How to append chunks of 2D numpy array to binary file as the chunks are created?

Question

I have a large input file which consists of data frames (a data series (complex64), with an identifying header in each frame). It is larger than my available memory. The headers repeat, but are randomly ordered, so for example the input file could look like:

<FRAME header={0}, data={**first** 500 numbers...}>,
<FRAME header={18}, data={first 500 numbers...}>,
<FRAME header={4}, data={first 500 numbers...}>,
<FRAME header={0}, data={**next** 500 numbers...}>
...

I want to order the data into a new file that is a numpy array of shape (len(headers), len(data_series)). It has to build the output file as it reads the frames, because I can't fit it all in memory.

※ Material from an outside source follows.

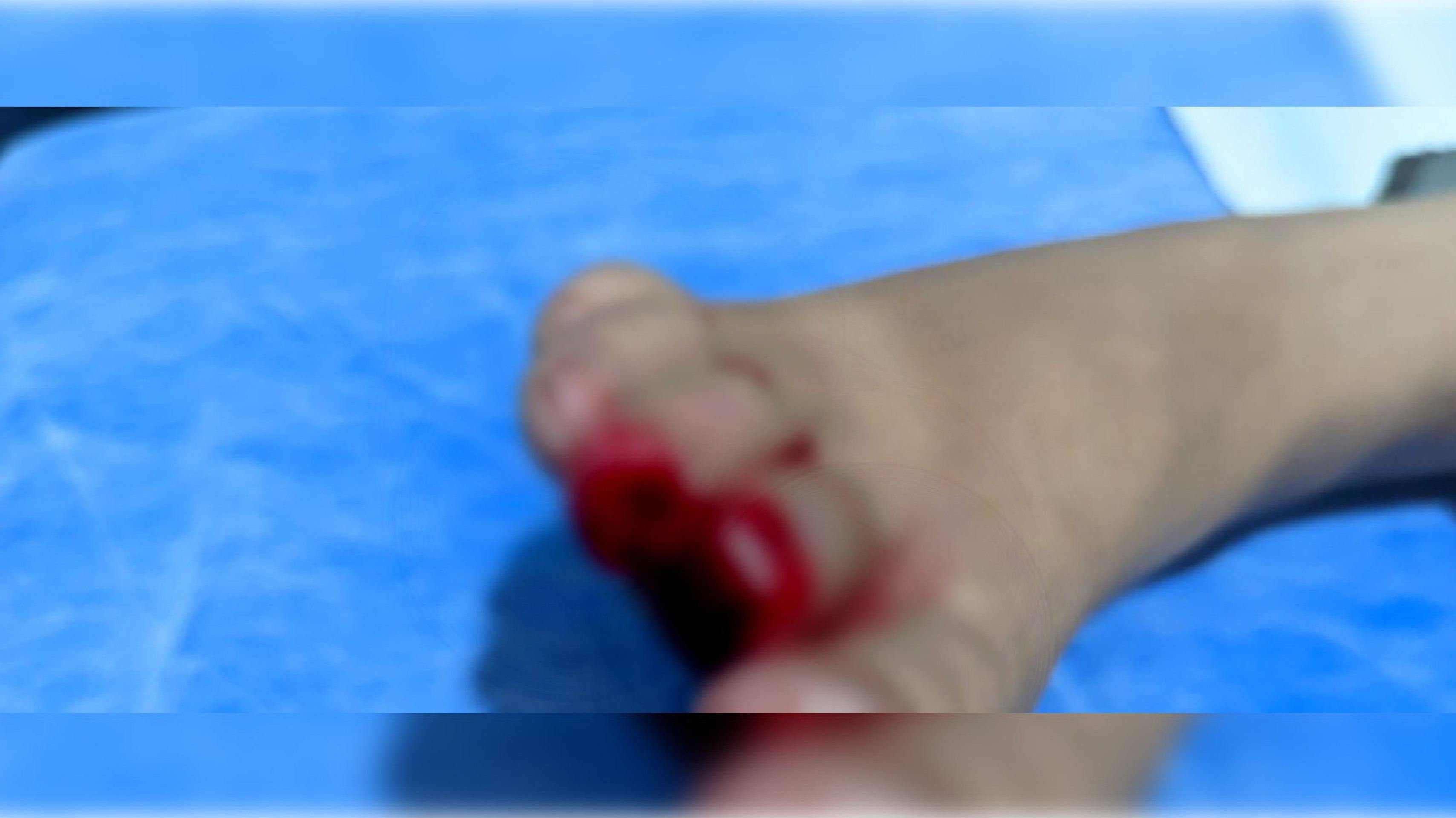 Mãe fala sobre ataque de piranha que arrancou dedos da filha em Caldas Novas Mãe fala sobre ataque de piranha que arrancou dedos da filha em Caldas Novas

I've looked at numpy.savetxt and the python csv package but for disk size, precision, and speed reasons I would prefer for the output file to be binary. numpy.save is good except that I can't figure out how to make it append to an unknown array size.

I have to work in Python2.7 because of some dependencies needed to read these frames. What I have done so far is made a function able to write all of the frames with a matching header to a single binary file:

input_data = Funky_Data_Reader_that_doesnt_matter(input_filename)

 with open("singleFrameHeader", 'ab') as f:
     current_data = input_data.readFrame() # This loads the next frame in the file
     if current_data.header == 0:
          float_arr = np.array(current_data.data).view(float)
          float_arr.tofile(f)

This works great, but what I need to extend it to be two dimensional. I'm starting to look at h5py as an option, but was hoping there is a simpler solution.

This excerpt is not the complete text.